• _YOUR GOAL_: For each entry, output its words exactly and leave any picture behind.

[Source data]
***
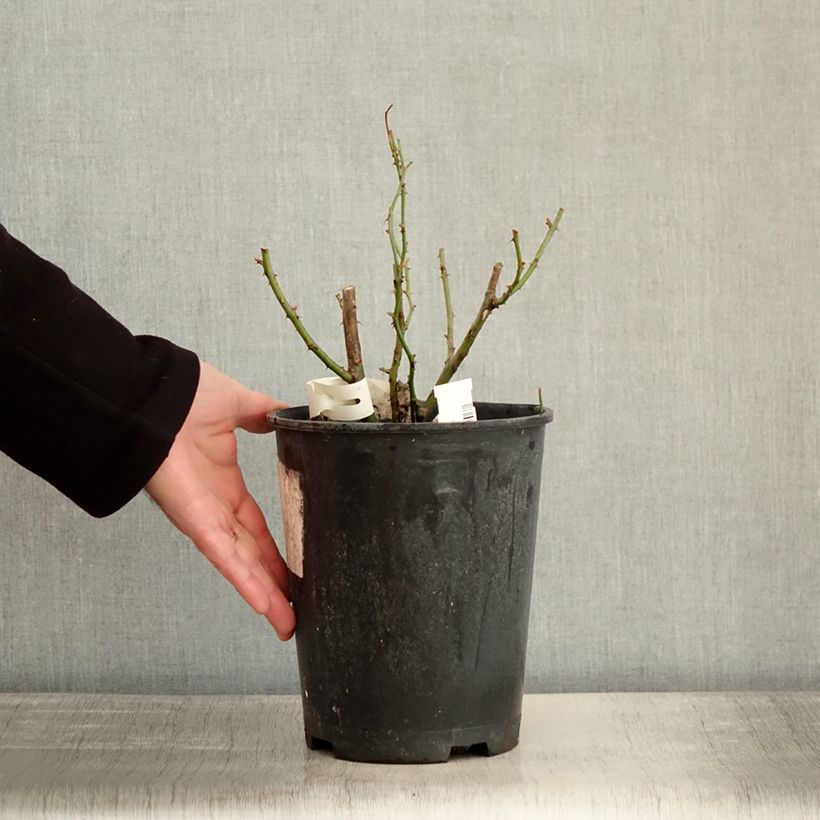 Amostra de Rosier arbustif Omi Oswald Vaso de 4 L/5 L tal como entregue no inverno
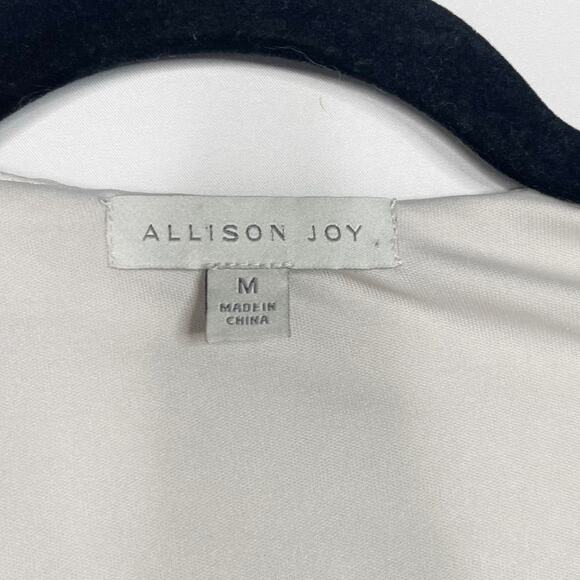 Allison Joy Medium M Light Gray Nina Matte Sequin V Neck Long Sleeve Blouse Top - Picture 7 of 11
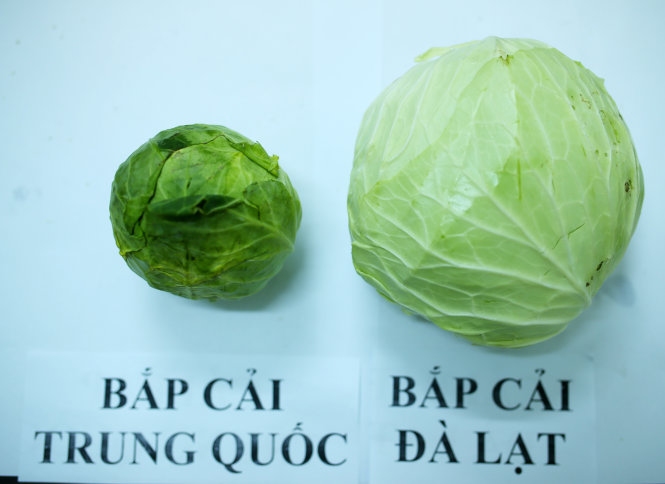 Picture 8 of Simple way to identify Chinese vegetables and fruits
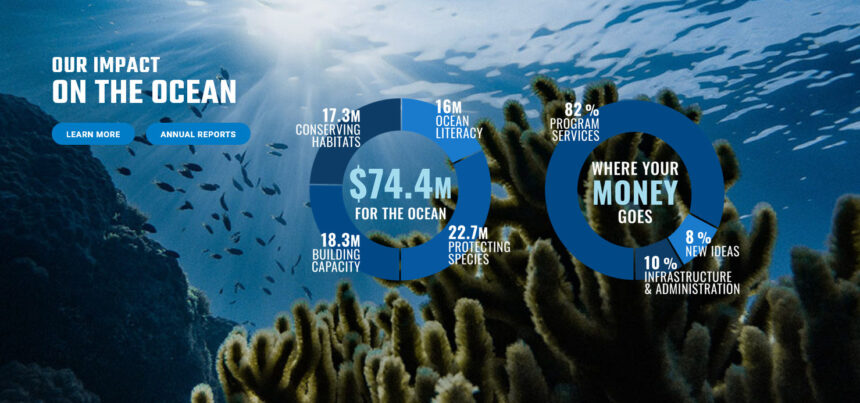 Featured Charity: The Ocean Foundation
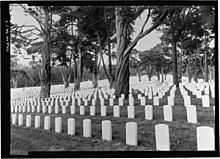 An HALS photograph of San Francisco National Cemetery in San Francisco VIEW OF CEMETERY SECTION NAWS (NEW ADDITION WEST SIDE) AMONG THE EUCALYPTUS TREES. VIEW TO SOUTH. - San Francisco National Cemetery, 1 Lincoln Boulevard, San Francisco, San Francisco HALS CA-1-7.jpg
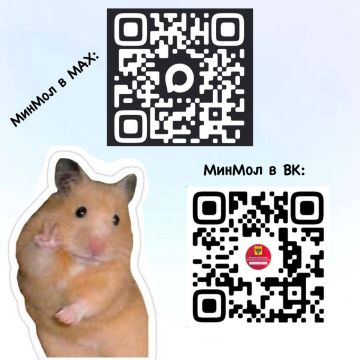 Друзья, напоминаем, чтобы всегда быть в курсе событий, возможностей и новостей молодёжной политики, подписывайтесь на нас в MAX и ВКонтакте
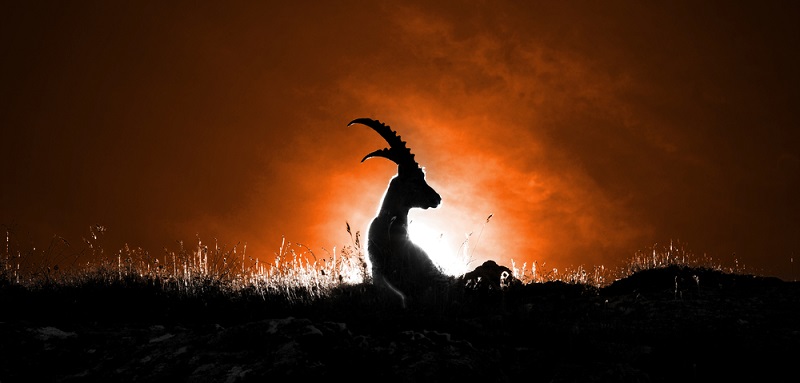 Der Steinbock wird im nächsten Jahr in allem erfolgreich sein. ( Foto: Shutterstock-Joolyann)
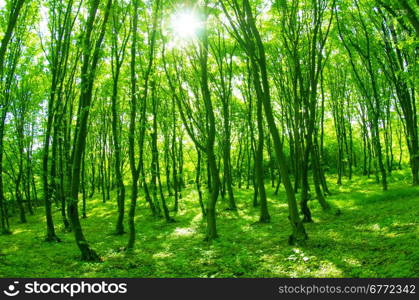 beautiful green forest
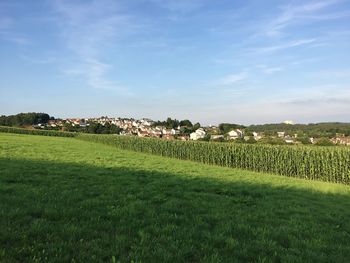 Scenic view of field against sky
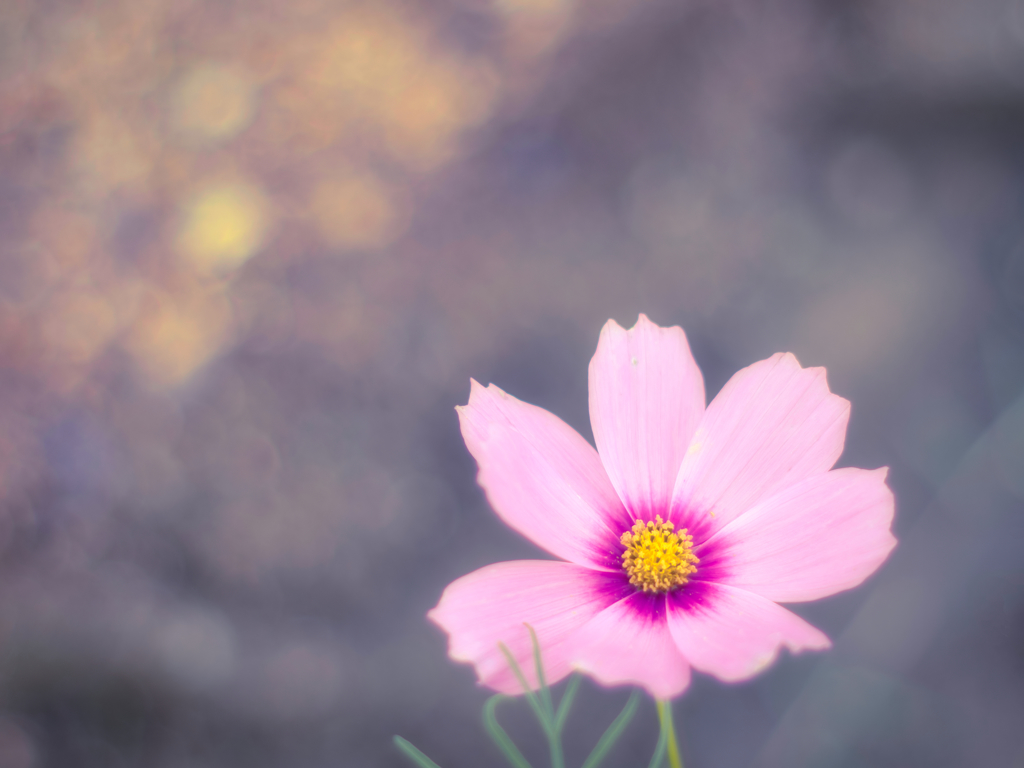 乙女のうつろい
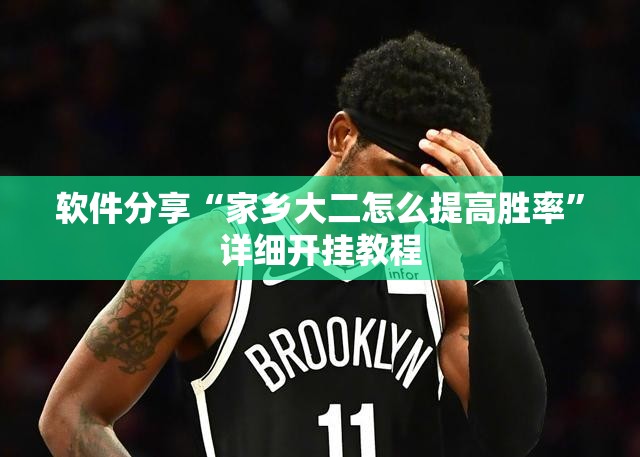 软件分享“家乡大二怎么提高胜率”详细开挂教程
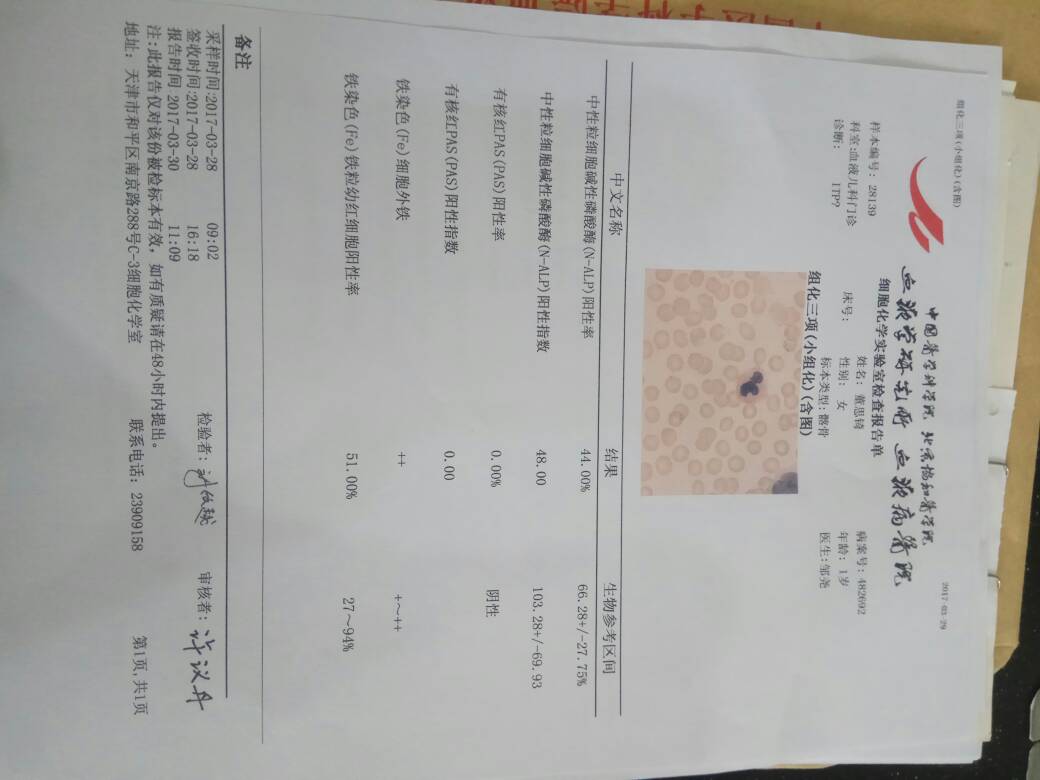 091747vnzyiqz6il3q683q.jpg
***
• _EXPECTED ANSWER_:
 Amostra de Rosier arbustif Omi Oswald Vaso de 4 L/5 L tal como entregue no inverno
 Allison Joy Medium M Light Gray Nina Matte Sequin V Neck Long Sleeve Blouse Top - Picture 7 of 11
 Picture 8 of Simple way to identify Chinese vegetables and fruits
 Featured Charity: The Ocean Foundation
 An HALS photograph of San Francisco National Cemetery in San Francisco VIEW OF CEMETERY SECTION NAWS (NEW ADDITION WEST SIDE) AMONG THE EUCALYPTUS TREES. VIEW TO SOUTH. - San Francisco National Cemetery, 1 Lincoln Boulevard, San Francisco, San Francisco HALS CA-1-7.jpg
 Друзья, напоминаем, чтобы всегда быть в курсе событий, возможностей и новостей молодёжной политики, подписывайтесь на нас в MAX и ВКонтакте
 Der Steinbock wird im nächsten Jahr in allem erfolgreich sein. ( Foto: Shutterstock-Joolyann)
 beautiful green forest
 Scenic view of field against sky
 乙女のうつろい
 软件分享“家乡大二怎么提高胜率”详细开挂教程
 091747vnzyiqz6il3q683q.jpg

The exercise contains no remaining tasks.